- _Exercise_
Find the string "Image" in the records. Copy every line it appears in.
--- Available data Enclosed Below ---
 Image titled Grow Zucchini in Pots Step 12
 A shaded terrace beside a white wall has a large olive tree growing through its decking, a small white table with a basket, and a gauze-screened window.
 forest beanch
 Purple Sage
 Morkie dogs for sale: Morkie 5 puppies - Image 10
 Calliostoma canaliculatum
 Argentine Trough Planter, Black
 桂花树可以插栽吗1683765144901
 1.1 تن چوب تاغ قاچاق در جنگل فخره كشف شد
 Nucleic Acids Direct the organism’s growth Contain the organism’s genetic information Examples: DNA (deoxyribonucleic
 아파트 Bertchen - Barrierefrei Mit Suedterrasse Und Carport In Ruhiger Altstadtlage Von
--- End of Enclosed Available data ---
- _Exercise output_
 Image titled Grow Zucchini in Pots Step 12
 Morkie dogs for sale: Morkie 5 puppies - Image 10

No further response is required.